Love her or hate her, she was living under an extreme time that often required extreme measures.
In comparison to other cultures (i.e. their pagan counterparts), Jewish women often enjoyed great liberty and esteem. Many women in the Old Testament distinguished themselves as prophetesses and leaders in Jewish society. Women such as Deborah, Esther, Hannah, Huldah, Jochebed, Miriam, Noadiah, Rachel, Rebekah, Rahab, Ruth and Sarah played important and decisive roles in Israel's history.  
These women were not weak.  
Anyone who grew up as a child hearing these stories can see the strong impact that these women made in their time. 
As evidence of the equality of men and women in the Jewish faith, the Ten Commandments require children to honour both their father and mother.  The degradation of women was, and is, often a perversion of the scriptures, which was never a part of the Creator’s intent for women.   Women were often used outside of the role of wife and mother to carry out a greater purpose throughout biblical history.  
"Honor your father and your mother, that your days may be prolonged in the land which the LORD your God gives you. (Exodus 20:12, NAS)
It is said that a strong matriarchal figure can be the glue that holds the family together.   Golda Meir represents the strong Jewish grandmother holding her nation together through her wisdom and strength. Love her or hate her, she was living under an extreme time that often required extreme measures.
 Meir was atypical for her time.  For one simple reason: she was a woman. 
Israel was her child….to nurture, to grow, to protect and even risk her life for. Much like a mother does her young.
 Every once in a while, you run across particular women in history who stand out for the good of humanity.  Women who take risks and do the right thing no matter what it costs.  Women who abandoned a life of comfort for the good of their people.  Women who are ordained by God for something bigger than themselves.  These women are willing to pay the costs.  
Golda Meir paid the cost, at times both personally and professionally.  
“It isn't really important to decide when you are very young just exactly what you want to become when you grow up. It is much more important to decide on the way you want to live. If you are going to be honest with yourself and honest with your friends, if you are going to get involved in causes which are good for others, not only for yourselves, then it seems to me that that is sufficient, and maybe what you will be is only a matter of chance.” 
― Golda Meir  
Golda Meir, was born Golda Mabovitch on May 3, 1898, in  Kiev, Ukraine.  Due to severe anti-Semitism in the former Soviet bloc country, her family immigrated to Milwaukee, Wisconsin in 1906.  It was here she attended the Milwaukee Normal School (now University of Wisconsin-Milwaukee) and later became a leader in the Milwaukee Labor Zionist Party.  

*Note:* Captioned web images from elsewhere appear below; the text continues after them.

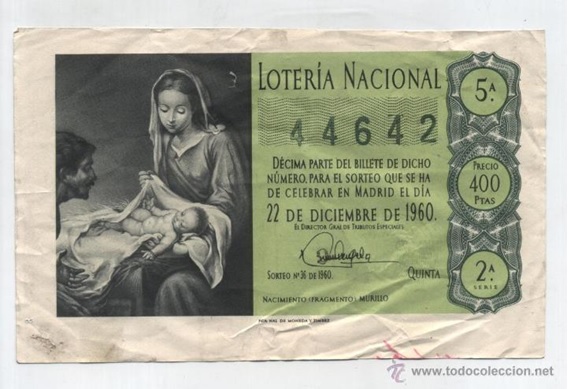 DECIMO LOTERIA DE 1960 Moncloa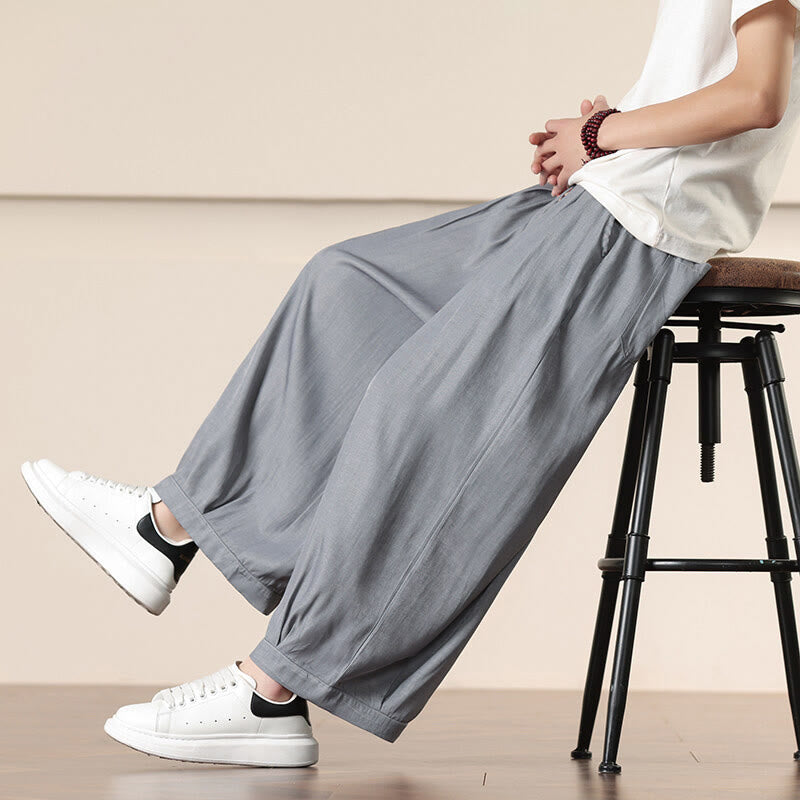 Buddha Stones春 ソリッドカラー ドローストリング メンズ ワイドレッグパンツ ポケット付き - グレー - US/UK/AU46、 EU56 (5XL) - image 8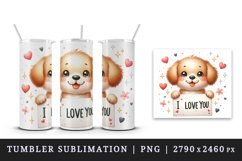 Watercolor cute dog puppy sparkle heart I Love You quote Valentine Day print 20oz tumbler skinny mug wrap clipart t-shirt sublimation printable design
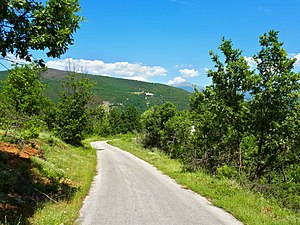 Манастирот погледнат од патот кон Томино Село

Meir once revealed she didn’t have many fond memories of her childhood in Ukraine.  Being a Jew in Ukraine meant always being on guard against pogroms. Supporting a family during that time and place became nearly impossible.   The family was living in a ghetto in virtual poverty.  The anti-Semitism Golda witnessed early in her life would remain with her and greatly influence the course of her life.  Golda’s father, like so many of his countrymen, longed for a better life for his family and journeyed to the United States to earn money.  

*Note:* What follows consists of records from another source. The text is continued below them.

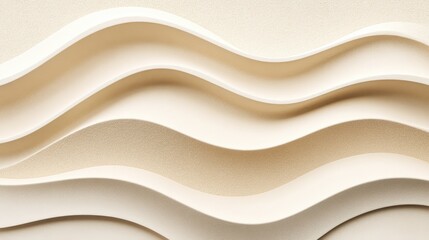 Poster - Abstract wavy textures of layered beige paper creating a minimalist background ideal for text placement and design projects.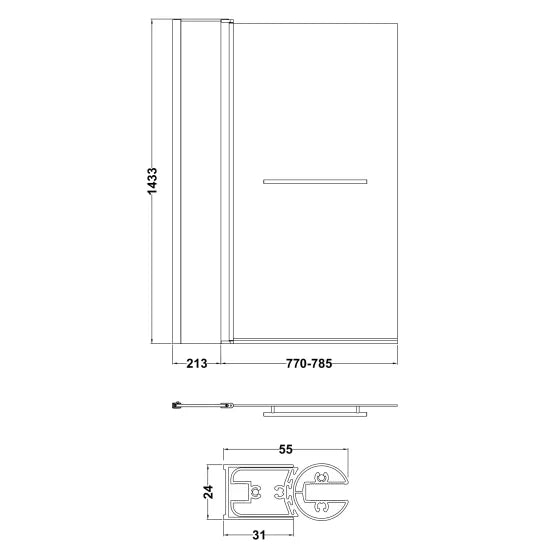 Nuie Square Bath Screen With Fixed Panel & Rail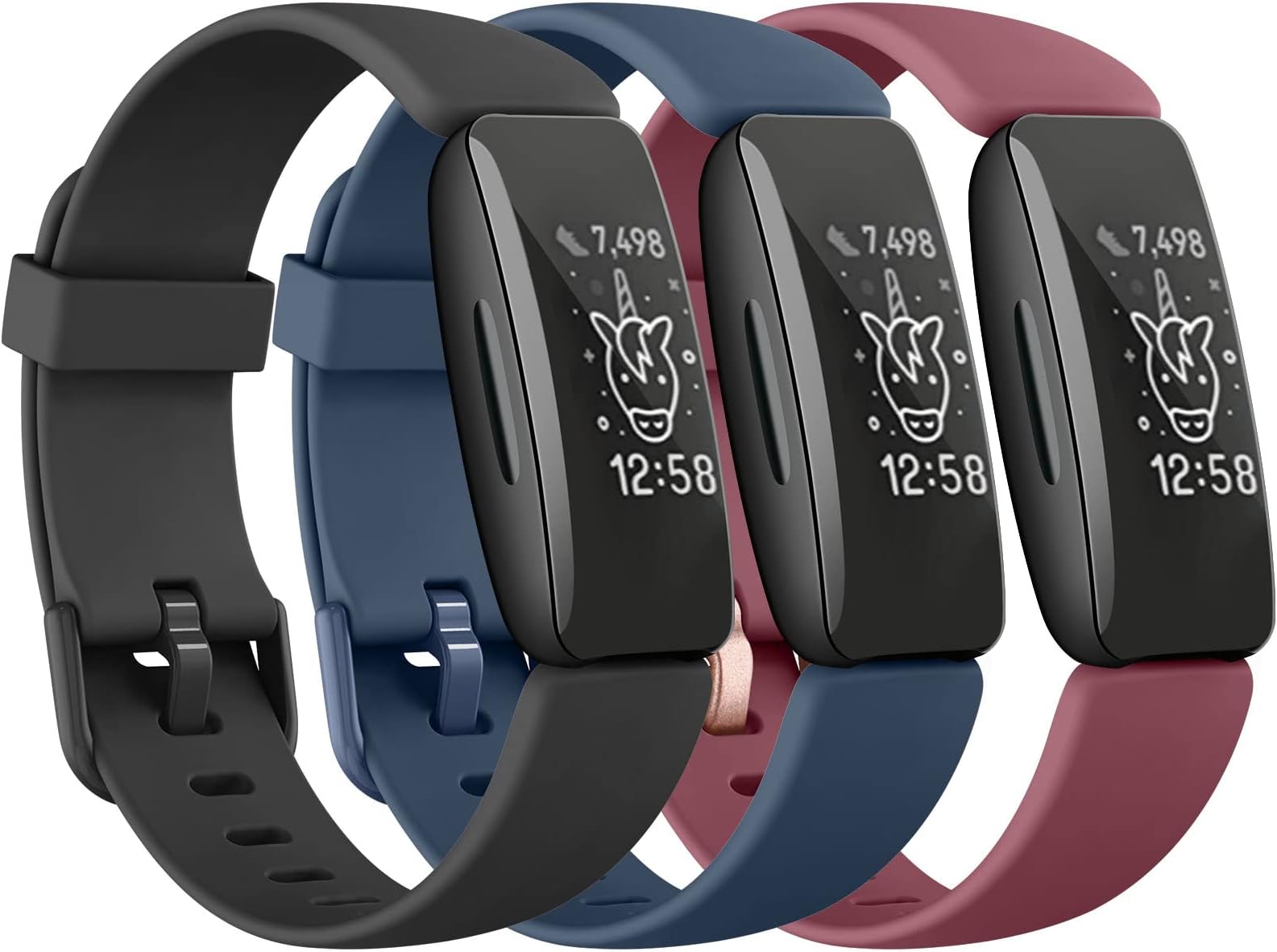 3 Pack Silicone Bands Compatible with Fitbit Ace 3/Inspire 2, Soft Skin-Friendly Waterproof Adjustable Bracelet Accessories for Fitbit Ace 3 Kids Inspire 2 men women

Not long after immigrating to the United States, Meir showed interest in public service.  Golda was known for her strong will and stubbornness.  She grew to love the idea of the Jewish people having their own homeland and become a staunch Zionist.      

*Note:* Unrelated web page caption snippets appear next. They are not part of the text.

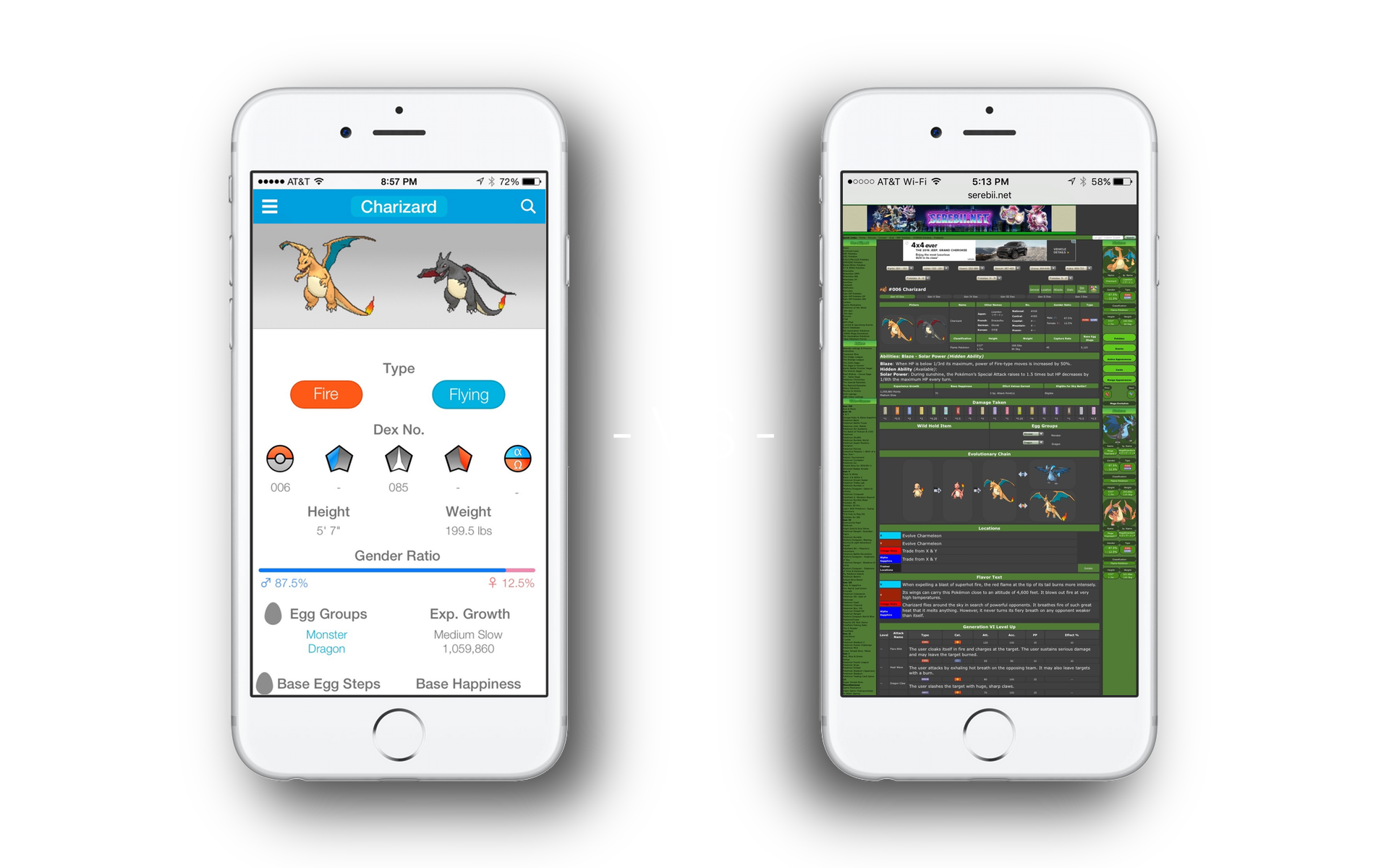 Comparison of the web app versus the other popular Pokémon sites. Content is very cluttered on the popular sites, but clean and readable on the web app.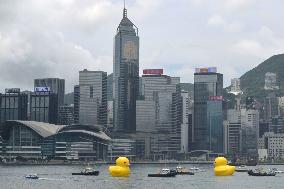 Giant inflatable ducks at Hong Kong harbor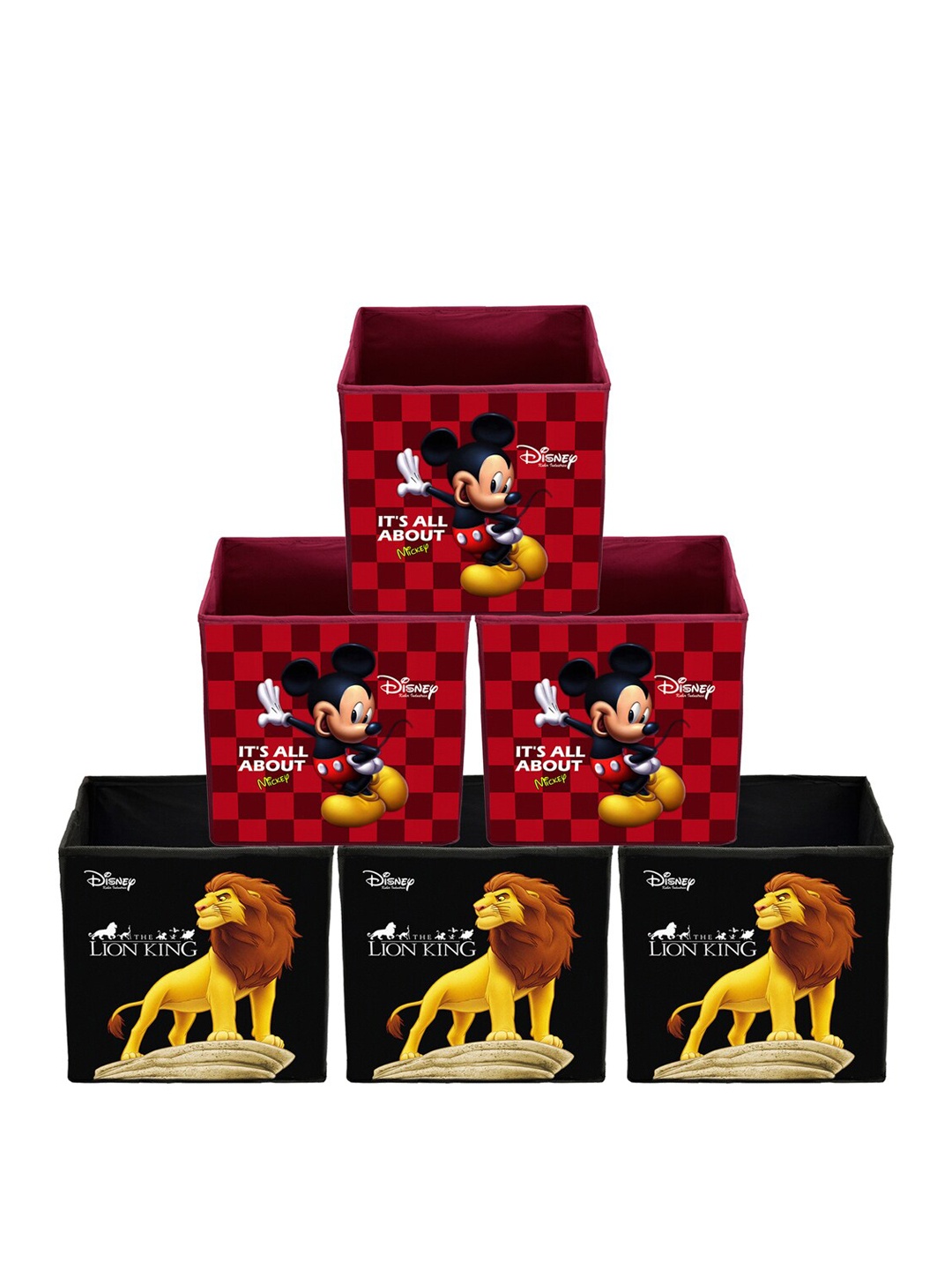 Kuber Industries Set Of 6 Disney Mickey & Lion King Printed Non-Woven Foldable Sustainable Storage Boxes, Black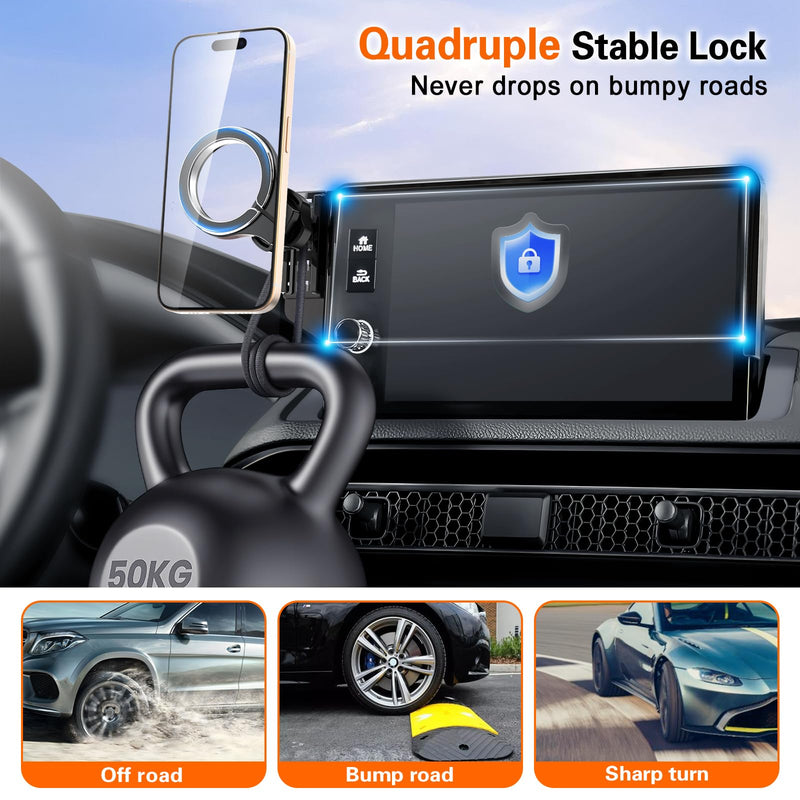 pop-tech Car Phone Holder for Honda CR-V HR-V 2023 2024 2025 2026: for MagSafe Magnetic Cell Phone Mount for HRV CRV Accessories 7/9 inch Screen - Touchscreen Cradles Strong Magnets for iPhone Samsung for 23-26 CR-V & HR-V (7/9" screen)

When Golda married Morris Myerson in 1917, settling in Palestine was her precondition for the marriage.   In 1921, she and Myerson and immigrated to Palestine and joined the Merẖavya kibbutz.  In the kibbutz her duties included planting trees, picking almonds and running the kitchen. She was a capable woman who managed all her responsibilities well. She became the kibbutz’s representative to the Histadrut (General Federation of Labour), the secretary of that organization’s Women’s Labour Council and many other. 
On May 14, 1948, Goldie Myerson was a signatory of Israel’s independence declaration and that year she was appointed minister to Moscow. She was elected to the Knesset (Israeli parliament) in 1949 and served in that body until 1974. 
As minister of labour (1949–56), she carried out major programs of housing and road construction and vigorously supported the policy of unrestricted Jewish immigration to Israel. Appointed foreign minister in 1956, she Hebraized her name to Golda Meir. She promoted the Israeli policy of assistance to the new African states aimed at enhancing diplomatic support among uncommitted nations. 
Two Iron Ladies
Shortly after retiring from the Foreign Ministry in January 1966, she became secretary-general of the Mapai Party and supported Prime Minister Levi Eshkol in intraparty conflicts. After Israel’s victory in the Six-Day War (June 1967) against Egypt, Jordan, and Syria, she helped merge Mapai with two dissident parties into the Israel Labour Party.  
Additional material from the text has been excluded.